Mena growled to herself and slammed her index finger down so hard on the 'Delete' key that the keyboard leapt in the air, before landing back on the desk with a noisy crackle and thump. Across the small room, Marie-Claude turned and looked at the slumped shoulders of her frustrated roommate, welcoming the distraction from her own essay.

"Pissed off?" She asked in her accented English.

"Totalement...complètement et totalement énervé...totalement. Prêt à tuer la prochaine personne qui dit, Il va bien se passer bientôt." Marie-Claude grinned to herself, doubting that her friend would actually kill the next person who told her that everything would work out for the best, but she knew Philomena Middleton well enough not to asking her what was going so wrong online. Instead, she just sighed sympathetically and went back to her rather boring assignment, leaving Mena to sort out her own work or whatever she was doing, the ghost of a smile hovering on her lips as she recognised her own foolishness in her over-reaction to yet another impenetrable blockade. Marie-Claude knew that Mena would tell her what was going on in her head in time.
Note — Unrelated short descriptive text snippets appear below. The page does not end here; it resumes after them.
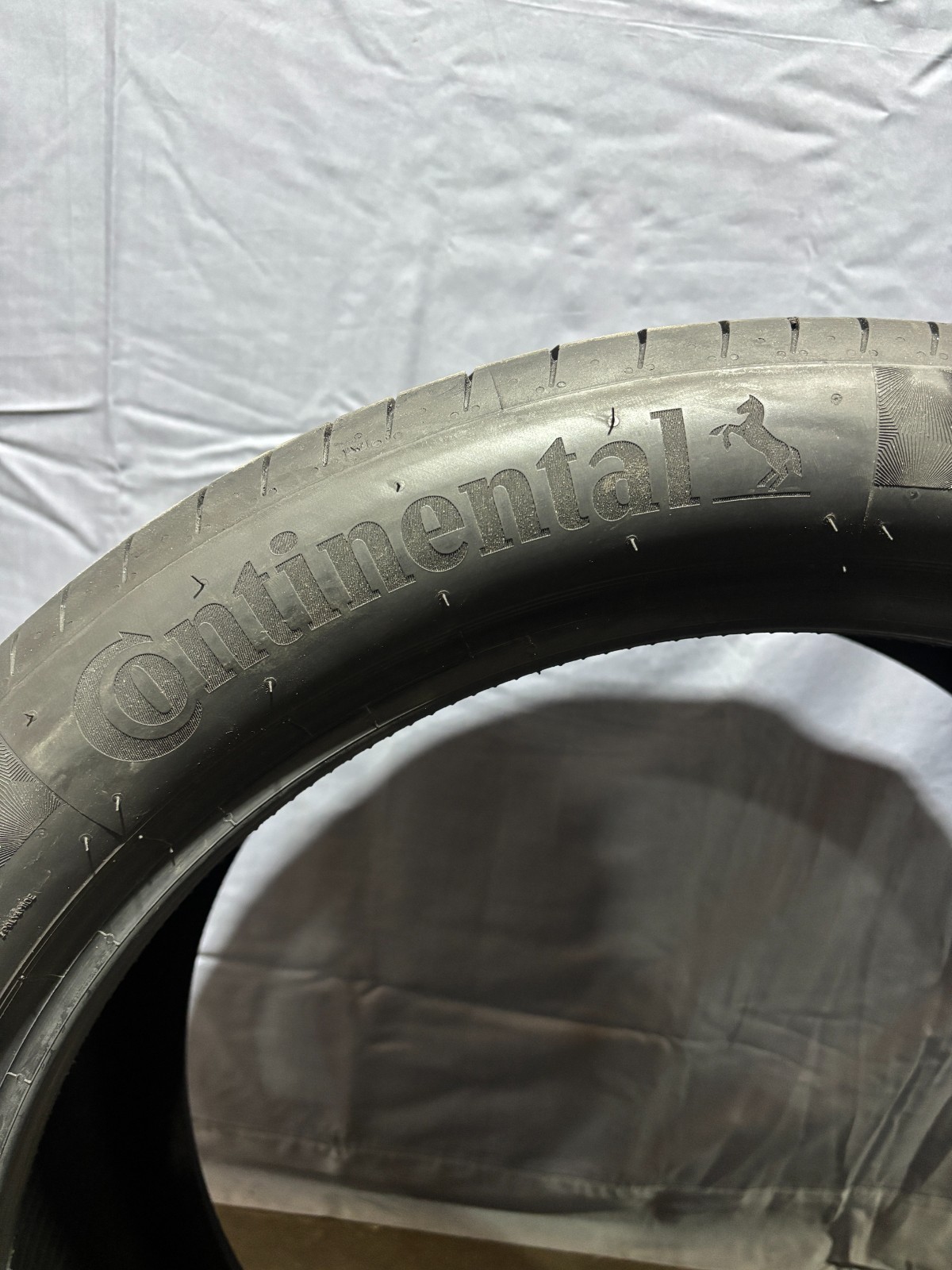 1(One) 315/35R22 Continental PremiumContact6 SSR RSC 111Y – 6/32″ 3153522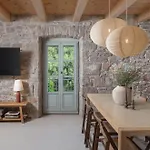 Stone House Casa Lumina * Božava
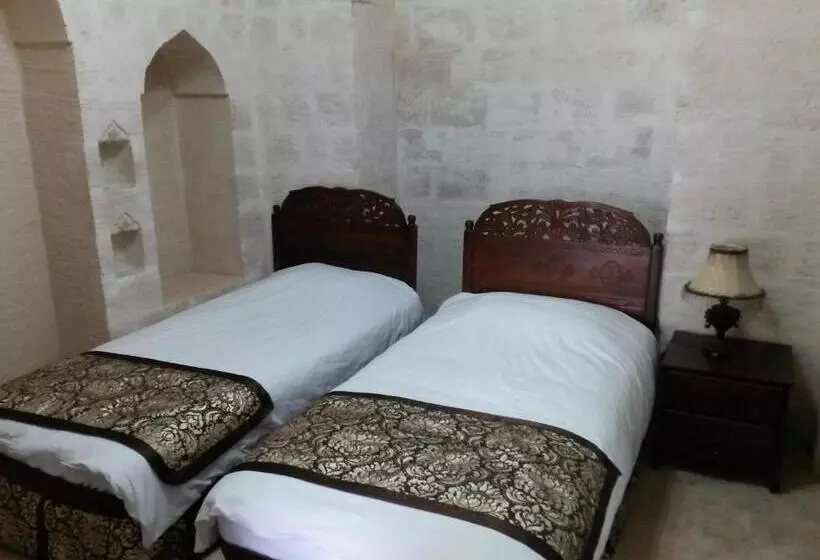 اتاق اکونومی, Dara Konağı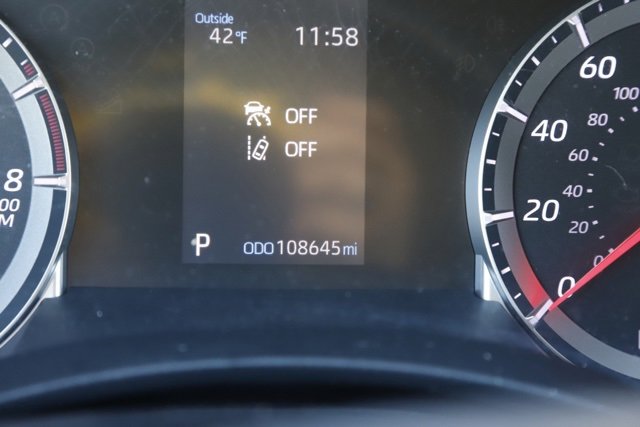 Used 2020 Toyota Highlander L image 29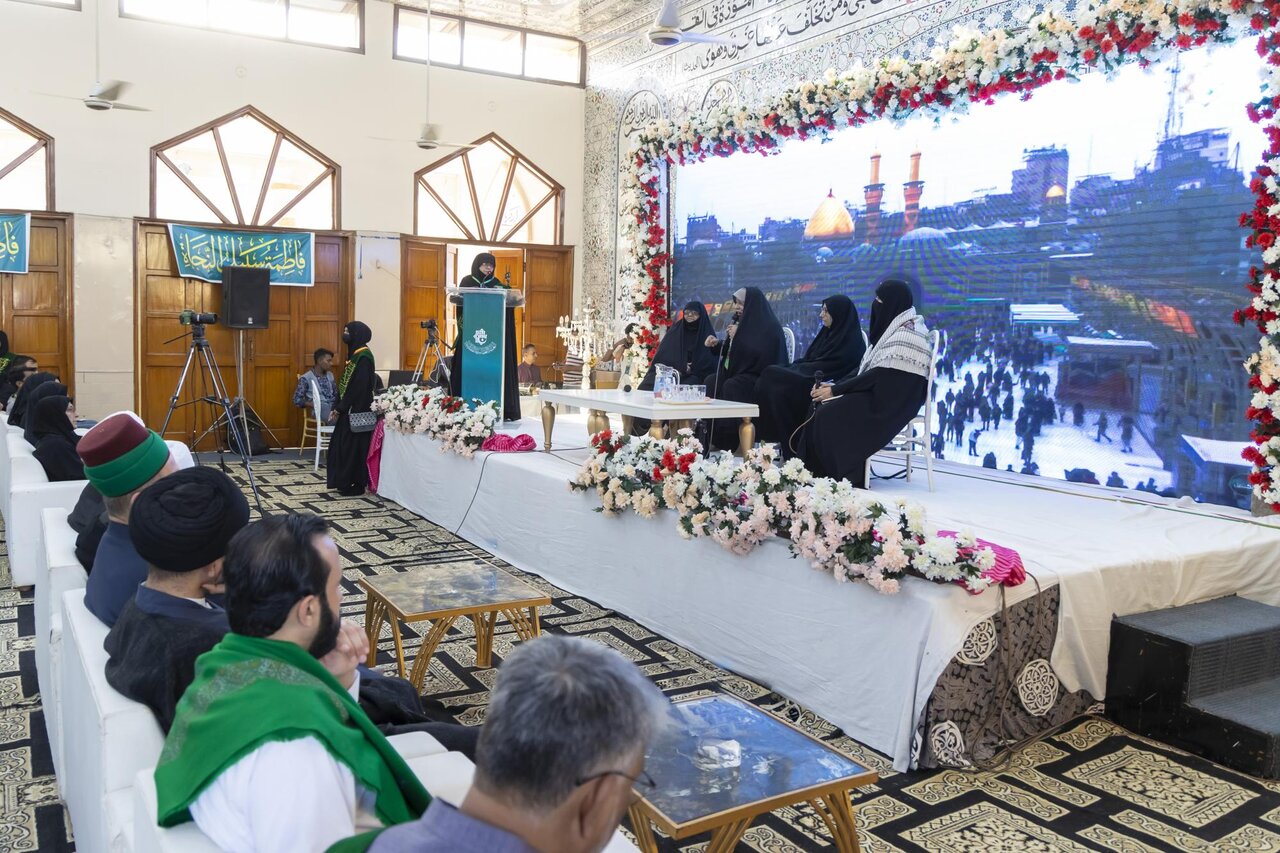 تقرير مصور/ انعقاد ندوة حوارية نسوية حول السيدة الزهراء (عليها السلام) في باكستان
For the next fifteen minutes all was quiet in the room the two girls shared, the peace only disturbed by the click of their keyboards as Marie-Claude worked on her end of term paper and Mena went back to her seemingly never-ending battle against the controls buried in her computer, and via her Internet Service Provider, that were designed to ensure she could only surf 'safe' sites. Although she was a Prefect and one of the most senior girls in the school, the Sisters of the Immaculate Heart who ran the convent school still limited her and all her fellow pupils to recognised sites which they deemed to be educational or informative, in line with the puritanical guidelines imposed by all Christian fundamentalists. Even then they had to be strictly 'age appropriate' according to the nuns, who seemed to think that eighteen and eight were much the same age.
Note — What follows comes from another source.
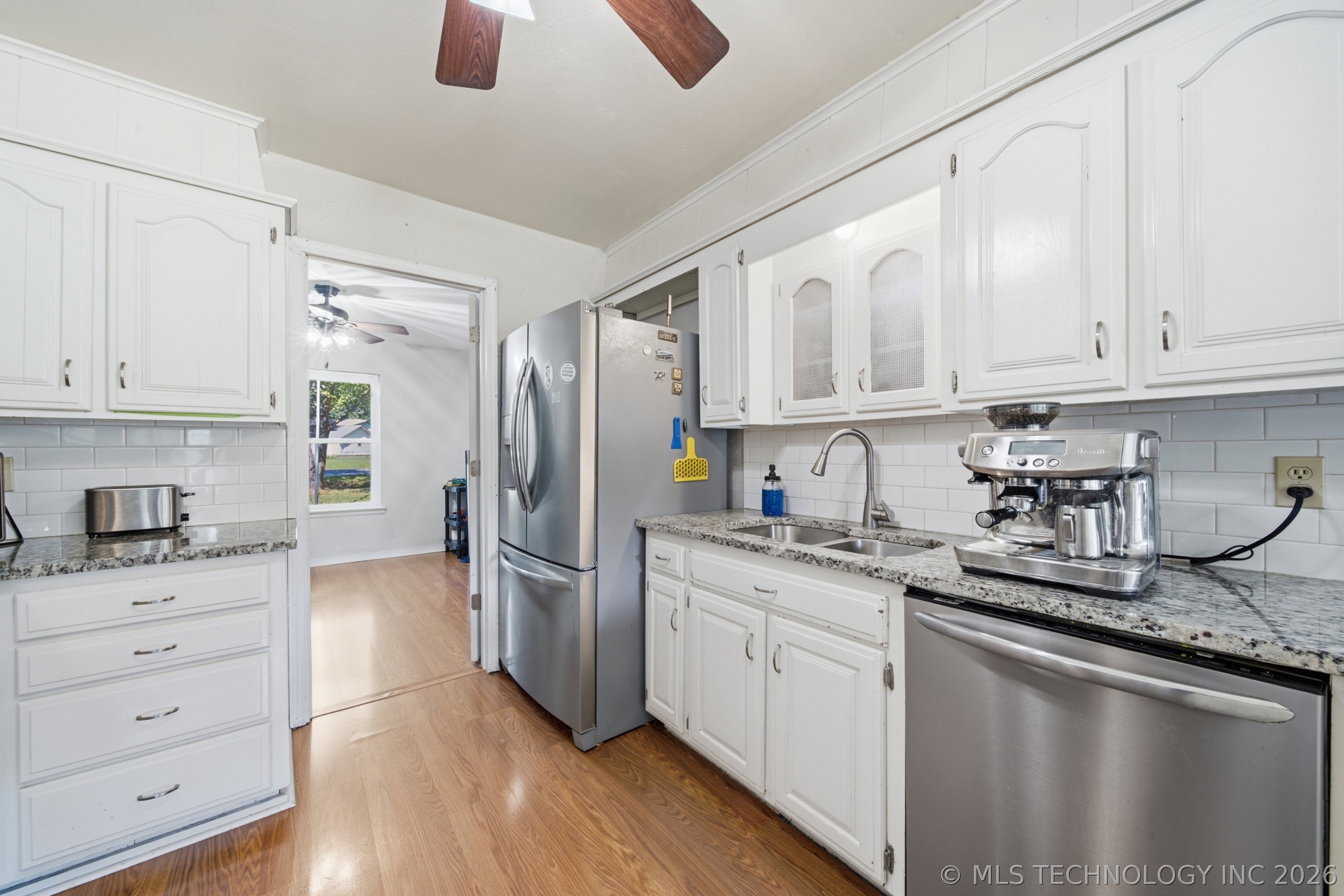 7324 S Dennis Boulevard Property Photo 15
It was that latter restriction that had caused Mena to hit the delete key so hard earlier. As a girl, or 'young woman' as she much preferred to think of herself, who had just celebrated her eighteenth birthday five months earlier, to be allowed only onto sites judged to be appropriate for an eleven year old at best was the ultimate humiliation. Unlike most of her fellow pupils who habitually and meekly accepted the nun's rulings, she fought an on-going battle with the limitations imposed on her by their frustrating computer controls. Certainly she was unique in the way she had never accepted that the sisters had her well penned in, and that she was never going to access sites outside those of which the nuns approved for a 'girl like her' in a million years. Every day she fought her frustrating little wars against the barriers placed in her way if she wanted to surf the web, to find out what was going on in the world outside the high walls of the convent, and after every holiday she returned hopefully to school with a memory-stick full of programmes that she had been assured would by-pass any controls. But, at the start of every term, she would discover that her allotted desk top computer had been modified so that she could not download into it the hunter-killer programmes she hoped would enable her to destroy the barriers that stood in her way, and another frustrating battle would begin, which she would inevitably lose.
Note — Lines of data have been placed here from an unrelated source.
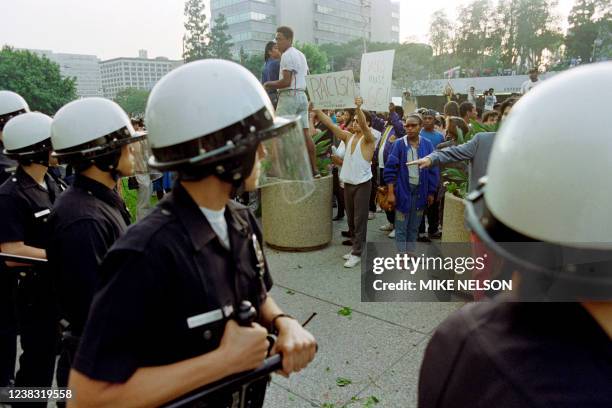 4521 Police Riot 2,057 Los Angeles Police Headquarters Stock Photos, High-Res Pictures ...
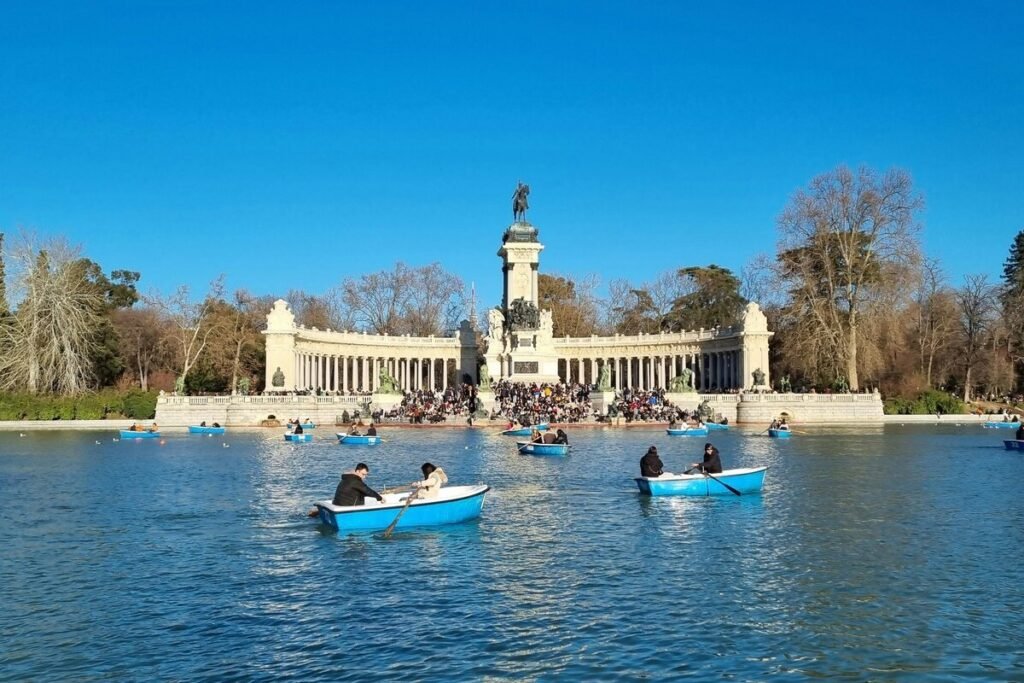 Retiro Park during 3 days in Madrid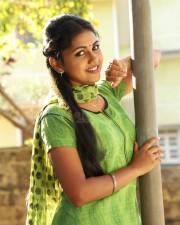 Vakiba Movie Heroine Manishaajith Pictures 08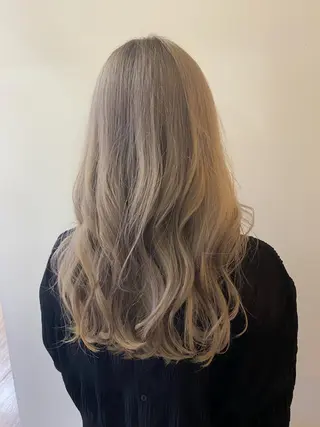ロング 北山 なるみのヘアスタイル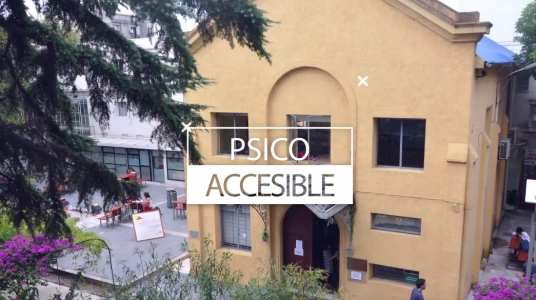 Fotografía de la Biblioteca con la inscripción "PsicoACCESIBLE"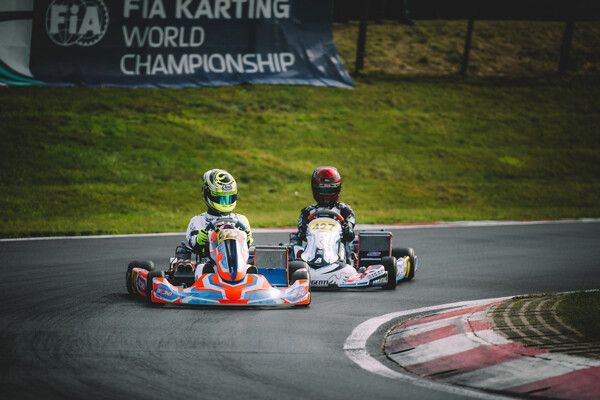2024 FIA 카트 세계&nbsp;챔피언십(FIA Karting World Championship)'의 OK-N World Cup에서 달리고 있는 이규호(앞). 사진=대한자동차경주협회(KARA)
The battle that had raged for years between herself and the Tech Support sister of the order of nuns who ran the school systems had been silently waged with no quarter asked or given on either side. The fact that, several years after her first attempt to bypass those annoying controls, Mena was still trying to find a way round them spoke volumes about her character and probably quite a lot about the Tech Support sister's dedication to her role in the convent too. Mena Middleton was by no means a typical convent schoolgirl, her determination and stubbornness matched only by her sparkling intelligence. But the Sister was clever too, using controls borrowed from the British Order, a Christian ally she hardly approved of but who had access to the most ingenious internet security.